Our client is a specialized provider of medical billing, coding, and business analytics services for healthcare providers throughout the United States. Their Quality Management System (QMS) encompasses a substantial volume of recorded call audios that necessitate auditing for diverse purposes.
The manual process of reviewing these recordings is both inefficient and time-consuming, underscoring the imperative for substantial automation.
Objectives
Build and integrate an audio transcription service with Privacy, Security, Speed & Diarization
In collaboration with our customers, we began defining the project objectives, ensuring clear end goals and success criteria while considering their domain regulations, budget constraints, and business plans
Privacy and Security of Audio Data
Ensuring the privacy and security of audio data is critical given the client’s operation in the healthcare sector.
Preventing data from leaving their private network was also critical.
Integration of Audio Transcription with Existing QMS
The auditing process is conducted through their in-house Quality Management System. Ensuring that the audio is transcribed and integrated with their QMS was essential.
Transcripts were initially saved and periodically deleted to optimize storage usage and system performance.
Speaker diarization
Incorporating diarization (identifying who spoke at specific times) into the final transcription results was important for quality checks as differentiating between speakers' voices improves the efficiency of auditing process.
Rapid Audio Transcription Results
The end user required transcription results as quickly as possible.
The system filters and transcribes audio data hourly, promptly saving the results
Challenges
Thousands of hours of audio content, Fault tolerance & Multi cloud infrastructure
Volume of audio content
Since we were dealing with thousands of hours of audio recordings, building a system that can scale quickly and process audio cost effectively was critical
Fault tolerance and Recovery
When a transcribing fails for any reason, ability to automatically identify, retry and recover from the failures was very important for smooth functioning of the transcription service
Multi cloud strategy infrastructure
The client was using multi cloud strategy (Azure and AWS) and this complicated the whole design as the audio files and the quality management system were with different cloud providers
Maintaining robust security measures throughout the transcription process was also crucial.
Approach
Explore, Evaluate & Verify
Large Language Model
Considering the constraints and requirements gathered from our clients, we are inclined towards an LLM-powered solution for audio transcription due to the advanced capabilities and rapid development of large language models in this domain.

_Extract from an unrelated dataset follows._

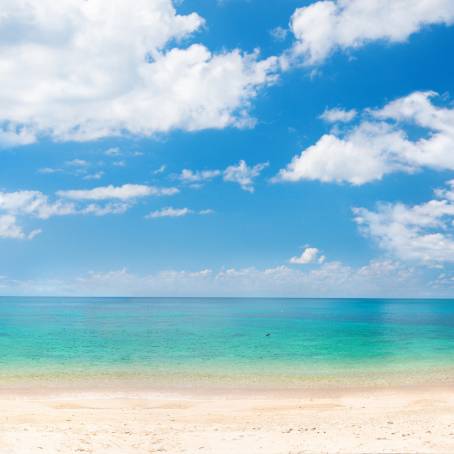 Exotic Beach Panorama with Coconut Trees and Blue Ocean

We have begun exploring various options that can deliver the accuracy and speed necessary to meet the demands of this project
Some of the top contenders we explored
Wav2Vec 2.0 by Meta
Whisper by OpenAI
DeepSpeech by Mozilla
Kaldi by Johns Hopkins University
System Architecture
We also started exploring different architectures that can seamlessly scale to sudden demand outbursts and keeping the cost to minimum
Seamless integration to existing systems
Since the audio transcription service needs to read from existing storage system and the results should be available in the current quality management systems, We started analysing their existing system architecture and built POC validations to identify the potential problems
Solution
OpenAI Whisper & Azure Batch Transcription Service
Among all the Audio Speech Recognition (ASR) models we evaluated, we found that OpenAI's Whisper model provides exceptional performance in audio transcription with speech diarization.
Deploying the Whisper model required a dedicated GPU/CPU instance, which incurs significant costs. Considering the client's preference for a pay-as-you-go model, we chose to use Azure Batch Transcription, which supports the Whisper model.
Azure Batch Transcription
We utilized Azure Batch Transcription for its robust features, including:
Customization Options: Tailoring the process to our needs with features like diarization and selecting the Whisper model for US English.
Bring Your Own Storage (BYOS): Keeping audio data in our existing storage infrastructure (AWS S3) while using Azure for transcription, enhancing data security.
Serverless Architecture
We built an efficient workflow using serverless technologies:
Data Transfer: Recordings are filtered and copied from an S3 bucket to an Azure storage container for transcription every hour.
Batch Processing: A batch transcription job is triggered using the list of recording URLs copied to the Azure storage container.
Result Storage: Results are stored back in an S3 bucket, and metadata is saved in the QMS Application DB for future reference.
Orchestration: All logic is written in Python and deployed on AWS Lambda. The entire workflow is orchestrated by AWS Step Functions.
Conclusion
A scalable and fault-tolerant audio transcription service that reduced auditing effort by over 50%
The system we built and deployed is transcribing numerous recordings concurrently and dramatically reducing the audit time compared to pervious manual methods.
This efficiency allowed our clients to complete audits and extract valuable insights from the audio data much faster.
With the advanced transcription system in place, we've reduced auditing time by an impressive 50%, significantly enhancing the efficiency of revenue life cycle management. The integration of this technology not only streamlines operations but also frees up valuable resources, enabling our clients to focus on strategic initiatives and drive further growth.